MATERIAL PROVIDED:
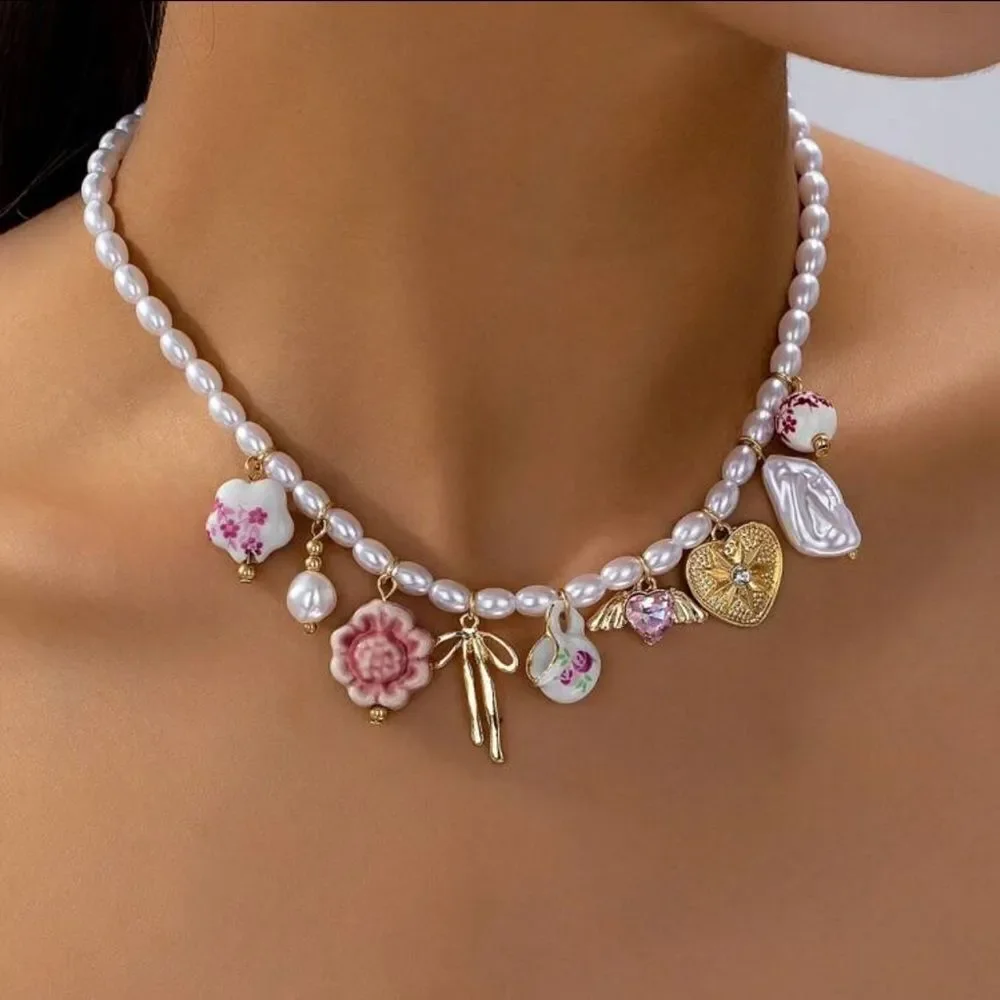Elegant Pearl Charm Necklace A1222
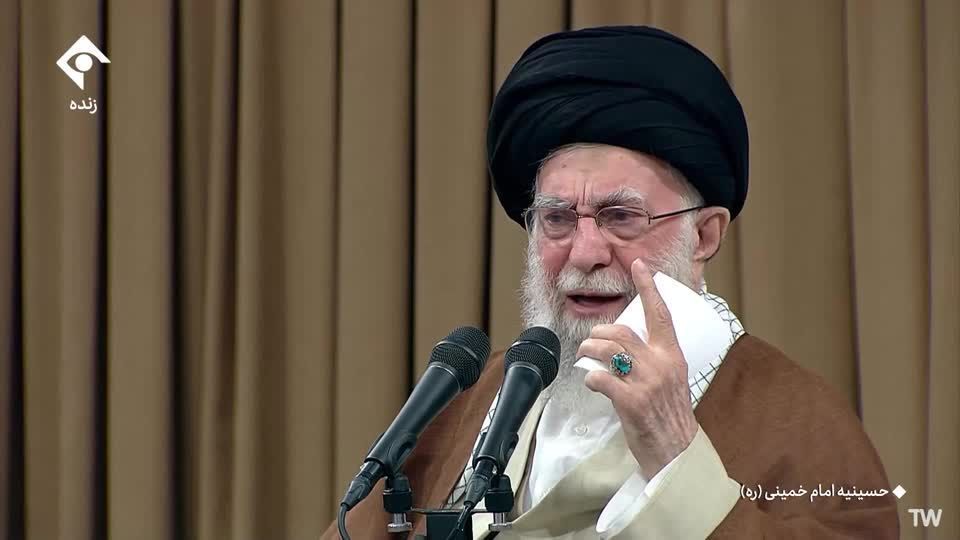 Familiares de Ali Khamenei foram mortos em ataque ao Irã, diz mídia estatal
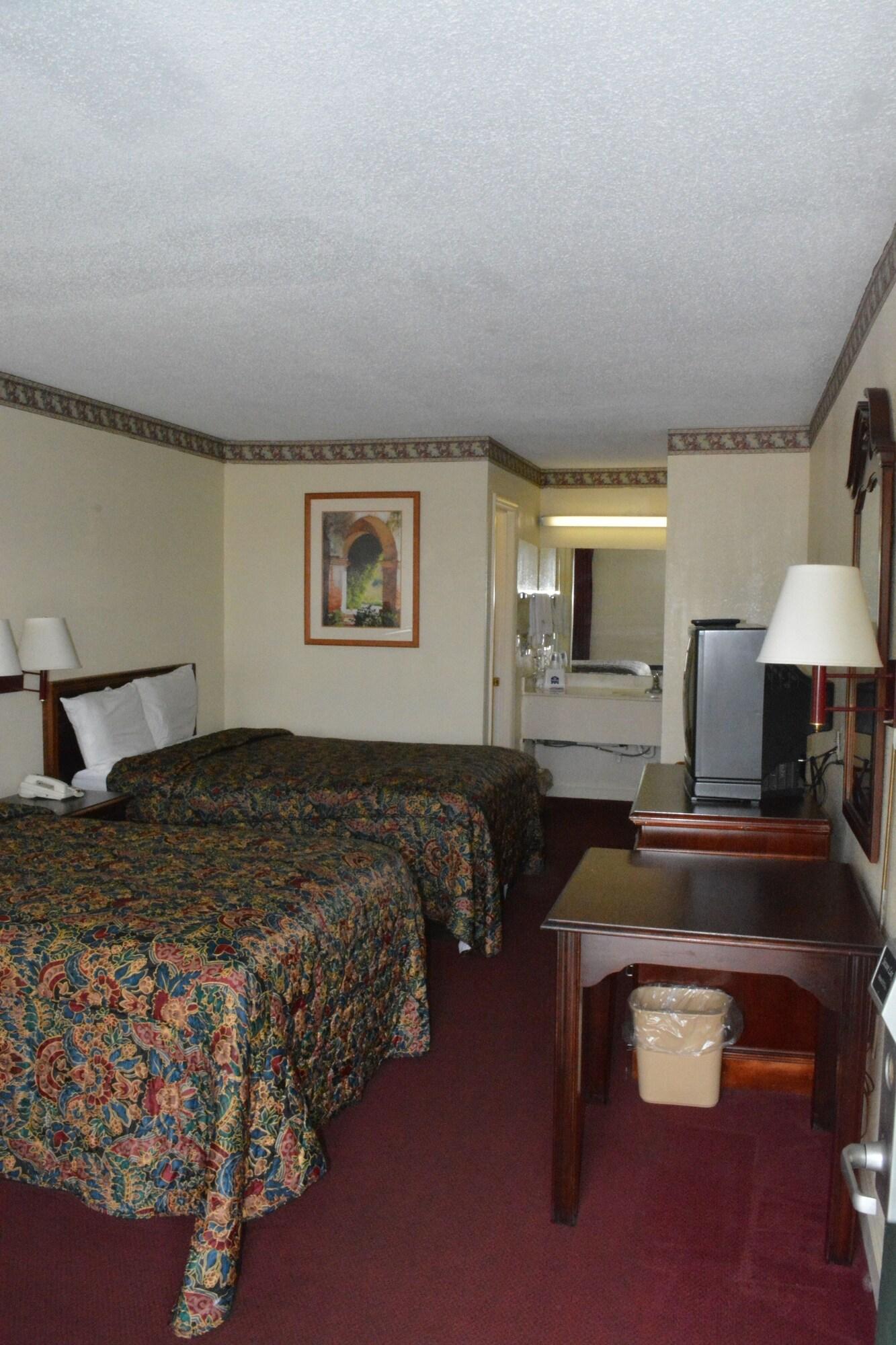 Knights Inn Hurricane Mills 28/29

TRY IT: Retype the whole listing exactly and leave the pictures out.

FINISHED EXERCISE:
Elegant Pearl Charm Necklace A1222
 Familiares de Ali Khamenei foram mortos em ataque ao Irã, diz mídia estatal
 Knights Inn Hurricane Mills 28/29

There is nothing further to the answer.